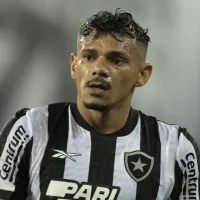 Jogou a culpa no Lage? Tiquinho Soares fala que o Botafogo ‘tem grandes jogadores’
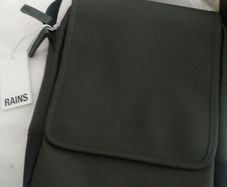 Rains Reporter bag bottle green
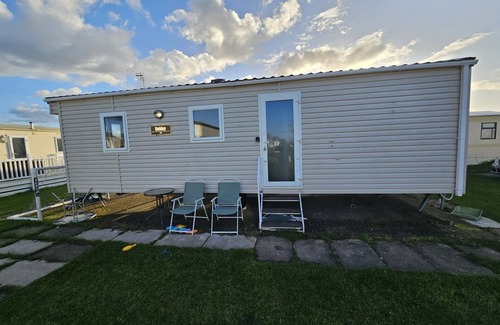 Rhyl Cabin | 2 Bed Caravan Leanne Centeal Heated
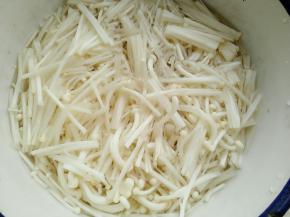 用清水泡五分钟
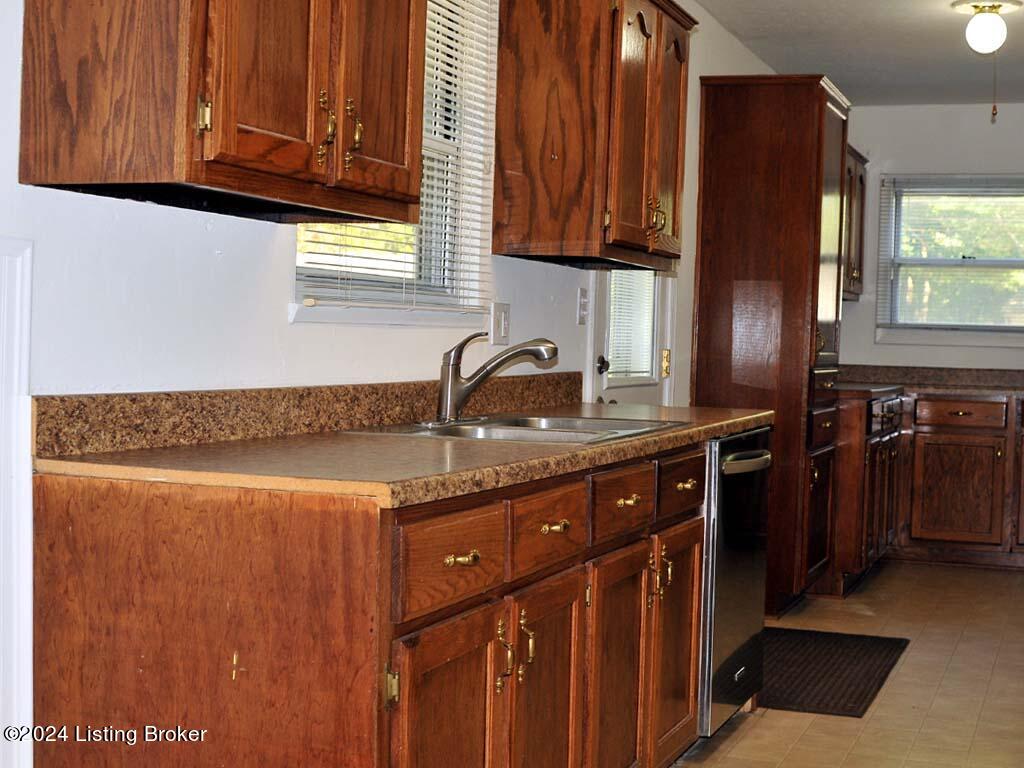 4701 Palma Road Louisville, KY 40272 - Photo 8 of 37 33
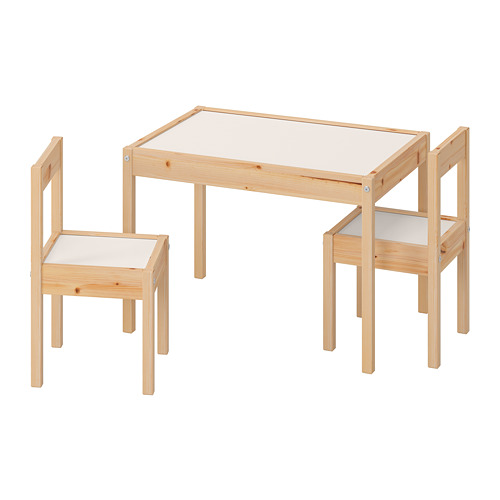 Juego de mesas y sillas para niños Latt, madera natural clara, superficies que se limpian con un paño, diseño cuadrado simple.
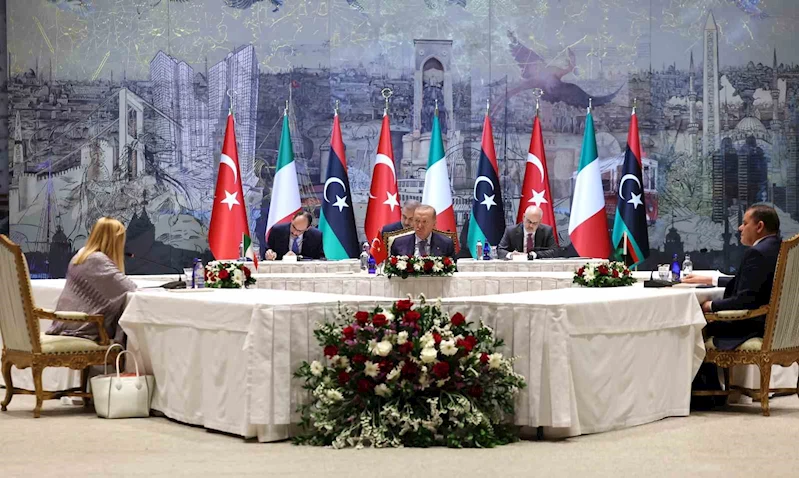 Cumhurbaşkanı Recep Tayyip Erdoğan, İtalya Başbakanı Meloni ve Libya Başbakanı Dibeybe’yi Dolmabahçe Çalışma Ofisi’nde kabul ediyor. Dolmabahçe’deki Türkiye-İtalya ve Libya zirvesi sürüyor.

◆ ◆ ◆ ◆

> **What needs to be done**
Only the lines from the one containing "4701 Palma Road" through the last line of the entries, both included, should be repeated exactly, and the pictures should be left out.

> **Task answer**
 4701 Palma Road Louisville, KY 40272 - Photo 8 of 37 33
 Juego de mesas y sillas para niños Latt, madera natural clara, superficies que se limpian con un paño, diseño cuadrado simple.
 Cumhurbaşkanı Recep Tayyip Erdoğan, İtalya Başbakanı Meloni ve Libya Başbakanı Dibeybe’yi Dolmabahçe Çalışma Ofisi’nde kabul ediyor. Dolmabahçe’deki Türkiye-İtalya ve Libya zirvesi sürüyor.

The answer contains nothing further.